### [Task to carry out]
A verbatim reproduction of the following listing is required; omit the pictures.

### [Supplied data]
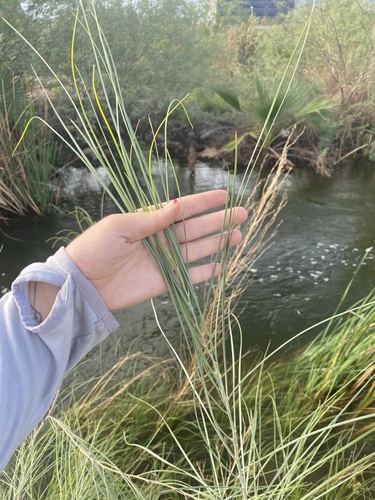 Acacia stenophylla (alternate view 10)
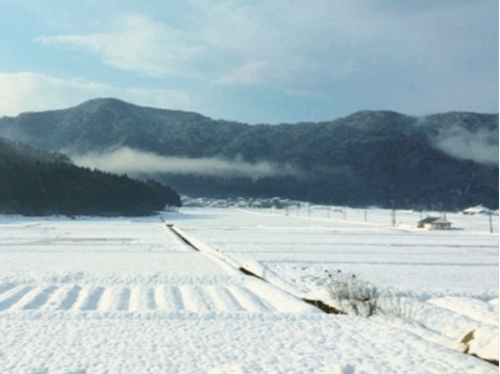 西浅井地域の雪景色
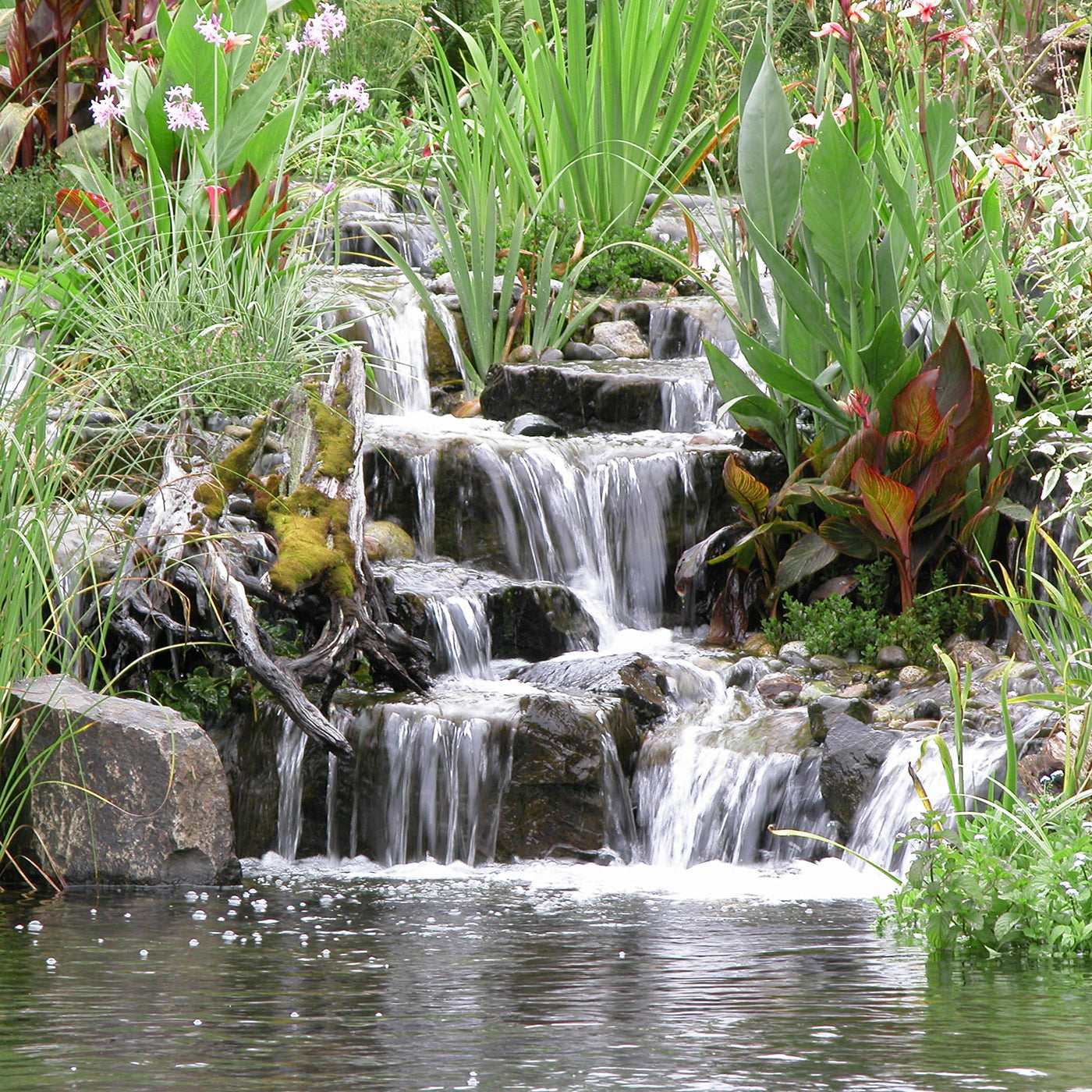 Large multi stepped waterfalls into a pond with blooming plants - built by Russell Watergardens using a custom pond kit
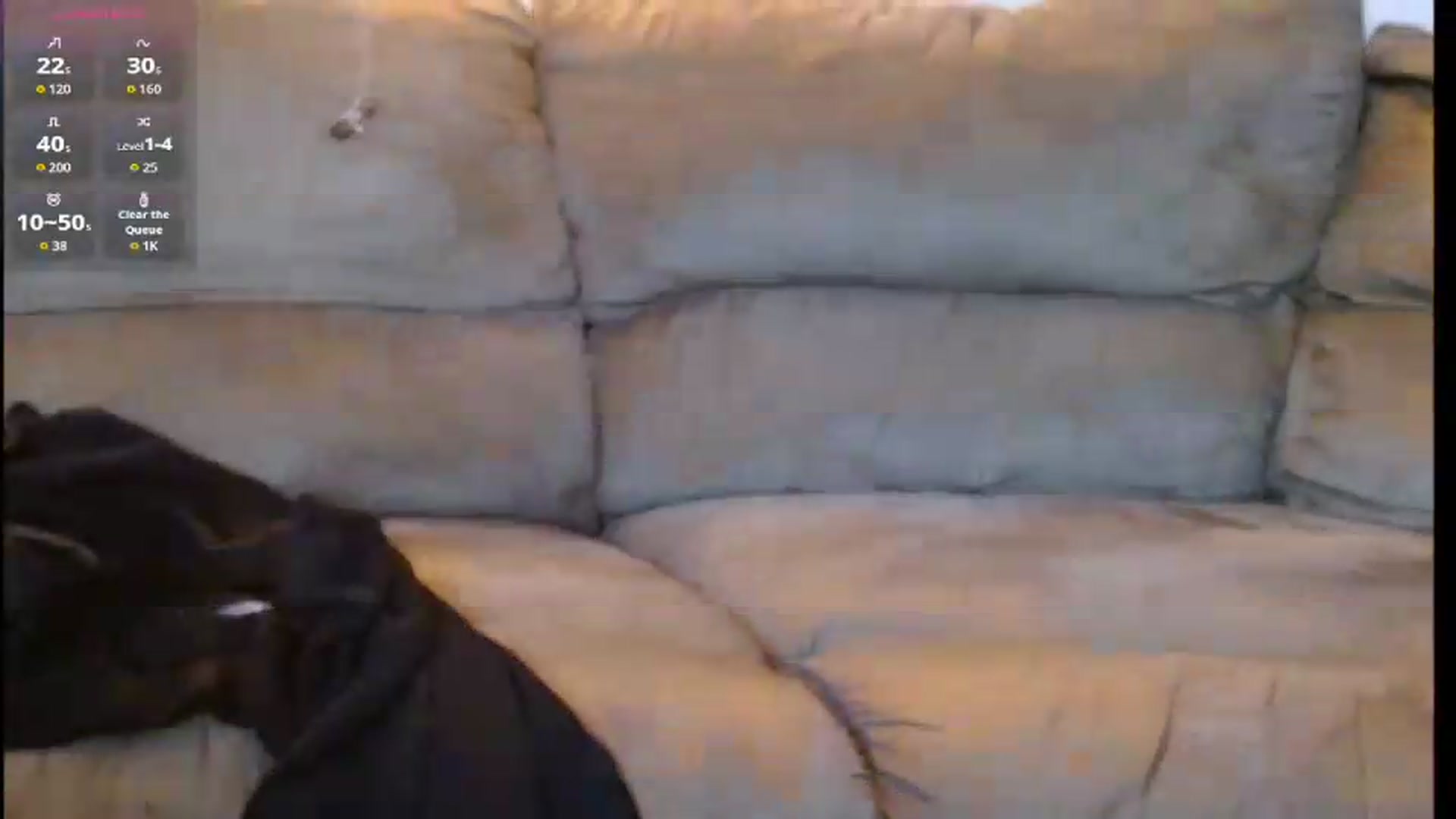 Gallery image thumbnail from Dilfhunter's myfreecams stream on, 07/12/2026, 18:25 image 14 of 20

### [Answer for this exercise]
 Acacia stenophylla (alternate view 10)
 西浅井地域の雪景色
 Large multi stepped waterfalls into a pond with blooming plants - built by Russell Watergardens using a custom pond kit
 Gallery image thumbnail from Dilfhunter's myfreecams stream on, 07/12/2026, 18:25 image 14 of 20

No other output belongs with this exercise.